Bert+Romberg+spoke+of+his+experience+as+a+Holocaust+survivor+from+Germany.
Photo by Photo by Taylor Fennell

Bert Romberg spoke of his experience as a Holocaust survivor from Germany.

As part of the Reiser Speaking Series, the Texas A&M Hillel organization hosted Holocaust survivor Bert Romberg in Rudder Theatre on Thursday evening. Around 85 people attended the event, which included a question and answer segment at the end.
Bert Romberg was born in Astheim, Germany in 1930, just before the Nazi regime took power. He lived with his mother and sister, Magie, for the early years of his life. In his speech, Romberg discussed how Hitler took advantage of the worn-down German citizens after World War I and promised “to make the country great again.”
“The leadership [of Hitler] began to preach gospel that says, ‘Let us lead you out of this, we will make you great again, we will give you jobs, we will bring you prosperity and Germany will again be a leader in the world,” Romberg said. “Nazi propaganda that was being put out said, ‘The Jews are our enemies, they’re our internal enemy.”
Romberg said the Nazi regime blamed Jews for Germany’s misfortunes and created laws that made it impossible for Jews to continue living normally. These laws caused hardships by stripping away Jewish rights to work, education and police protection. Romberg said he saw this adversity by watching his mother.
“Mother was faced with serious problems,” Romberg said. “Commercially, the business was going to fall about and collapse around her, and the neighbors who used to be her friends [would] no longer trade with her or pay back [their debts].”
As she realized the danger approaching her family, Romberg’s mother decided to apply for a visa to work in Great Britain. She sent her two children to the Kindertransport, a rescue mission of thousands of Jewish children, which allowed them to stay with private English citizens.

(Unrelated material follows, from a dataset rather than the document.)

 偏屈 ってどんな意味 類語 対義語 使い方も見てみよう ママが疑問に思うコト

From there, Romberg and his sister were separated into different foster families.
“For every child that got out onto the Kindertransport, 150 died for the next six years,” Romberg said. “That’s how lucky we were.”
Per British Parliament, the refugees were to be taken care of at no cost to the treasury, which left foster homes responsible for the Jewish children. Romberg’s foster family, the Sheppards, taught him to speak English and gave him piano lessons.

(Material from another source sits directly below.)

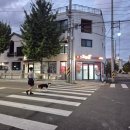 뽀끼 매니아 이미지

“They shared what nothing they had with me,” Romberg said. “They were kind and good to me. It was a good life.”
Romberg received a scholarship to complete his education at Battersea School and after
British law gave more freedom to Jewish refugees, Romberg was reunited with his mother and sister. He left for the United States in 1945, where he got a degree in mechanical engineering.
Graduate student Colleen Lambo attended the event and enjoyed hearing a new side of the story she has heard for so long.
“I thought it was a really interesting and unique perspective,” Lambo said. “I am used to hearing the stories of the concentration camp victims, but to hear someone who was so successful escape and so thankful about it, was really great.”
Philosophy senior Jonathan Martinez said although the point of view was different, the story was still incredibly sad.
“His story is quite a different one than what you normally would hear from speakers who talk about the Holocaust, but even though it turned out notably better than a lot of the other situations that occurred, it’s still quite heartbreaking to see all the crimes that were occuring,” Martinez said.
Rabbi Yossi Lazaroff, Director of the A&M Rohr Jewish Center, said students should take the opportunity to attend events like this because they will not always have the opportunity to do so.
”It’s important for people to be able to hear firsthand from a survivor, because over the next ten years there may not be any survivors left,” Lazaroff said. “I support any Jewish events that happen here on campus [because] I am the only rabbi at Texas A&M on campus, and events like this are important to support.”